◆ **Goal of the exercise**
Below are entries. Reproduce exactly the lines between the line holding "Ultra Thin Skin" and the line holding "findersprobate's tweet photo.", inclusive, and only those.

◆ **Source information**

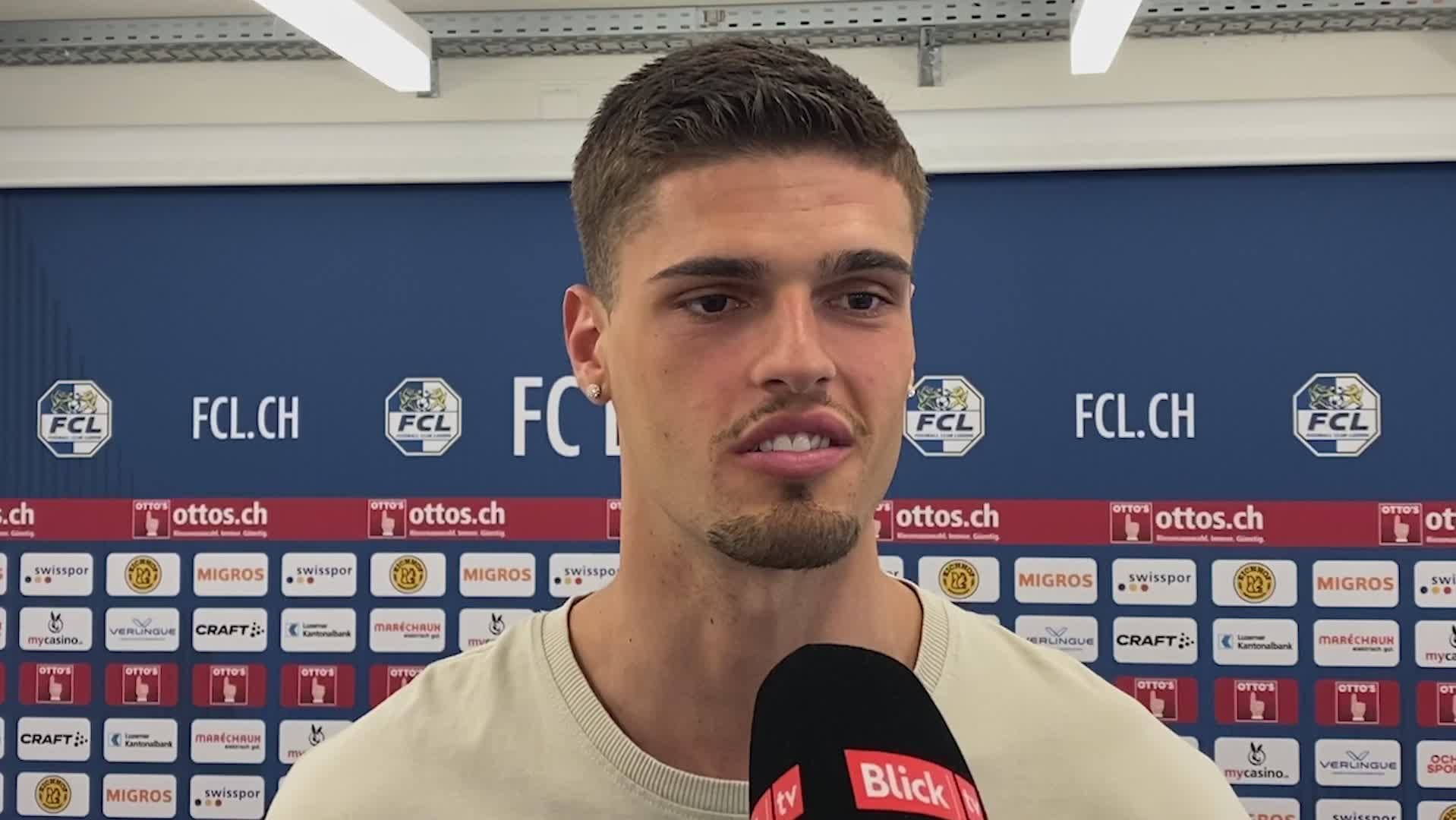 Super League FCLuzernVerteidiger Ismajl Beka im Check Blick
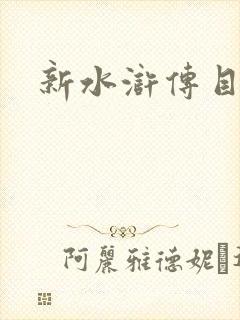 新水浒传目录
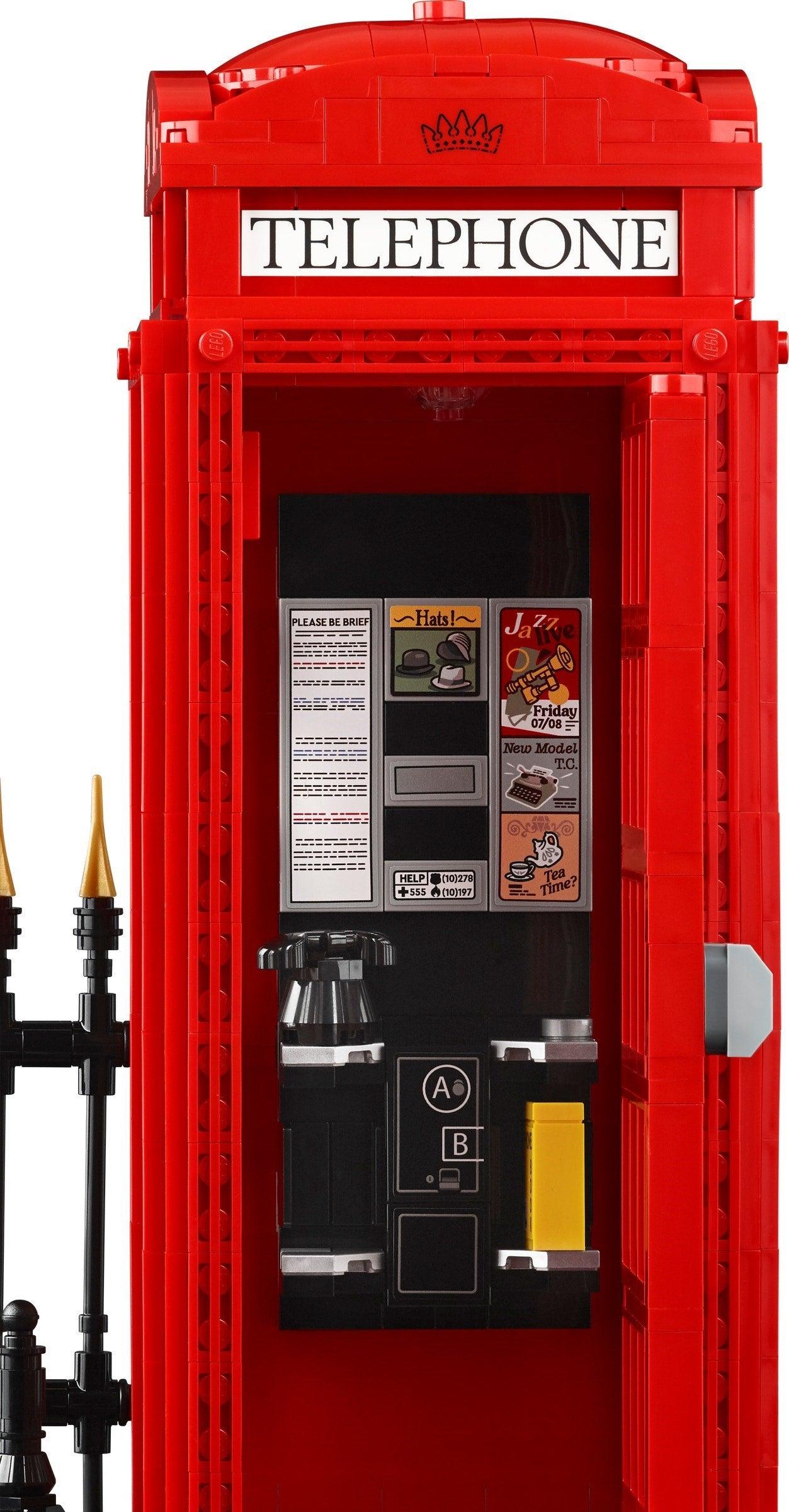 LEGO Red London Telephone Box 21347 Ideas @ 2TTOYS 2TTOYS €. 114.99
* * *
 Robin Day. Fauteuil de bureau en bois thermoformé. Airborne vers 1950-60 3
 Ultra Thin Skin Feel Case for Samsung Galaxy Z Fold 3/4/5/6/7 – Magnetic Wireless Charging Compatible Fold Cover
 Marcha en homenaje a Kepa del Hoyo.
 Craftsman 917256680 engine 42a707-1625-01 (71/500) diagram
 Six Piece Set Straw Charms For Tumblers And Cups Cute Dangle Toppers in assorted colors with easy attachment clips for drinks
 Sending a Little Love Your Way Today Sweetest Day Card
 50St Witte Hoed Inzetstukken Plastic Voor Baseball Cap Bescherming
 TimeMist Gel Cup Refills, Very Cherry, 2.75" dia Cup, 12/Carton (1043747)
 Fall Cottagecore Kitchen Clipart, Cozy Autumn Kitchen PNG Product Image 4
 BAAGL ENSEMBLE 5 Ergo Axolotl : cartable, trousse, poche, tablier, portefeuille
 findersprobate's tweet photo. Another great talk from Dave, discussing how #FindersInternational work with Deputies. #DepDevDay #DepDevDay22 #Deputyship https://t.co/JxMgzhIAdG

◆ **Task solution**
 Ultra Thin Skin Feel Case for Samsung Galaxy Z Fold 3/4/5/6/7 – Magnetic Wireless Charging Compatible Fold Cover
 Marcha en homenaje a Kepa del Hoyo.
 Craftsman 917256680 engine 42a707-1625-01 (71/500) diagram
 Six Piece Set Straw Charms For Tumblers And Cups Cute Dangle Toppers in assorted colors with easy attachment clips for drinks
 Sending a Little Love Your Way Today Sweetest Day Card
 50St Witte Hoed Inzetstukken Plastic Voor Baseball Cap Bescherming
 TimeMist Gel Cup Refills, Very Cherry, 2.75" dia Cup, 12/Carton (1043747)
 Fall Cottagecore Kitchen Clipart, Cozy Autumn Kitchen PNG Product Image 4
 BAAGL ENSEMBLE 5 Ergo Axolotl : cartable, trousse, poche, tablier, portefeuille
 findersprobate's tweet photo. Another great talk from Dave, discussing how #FindersInternational work with Deputies. #DepDevDay #DepDevDay22 #Deputyship https://t.co/JxMgzhIAdG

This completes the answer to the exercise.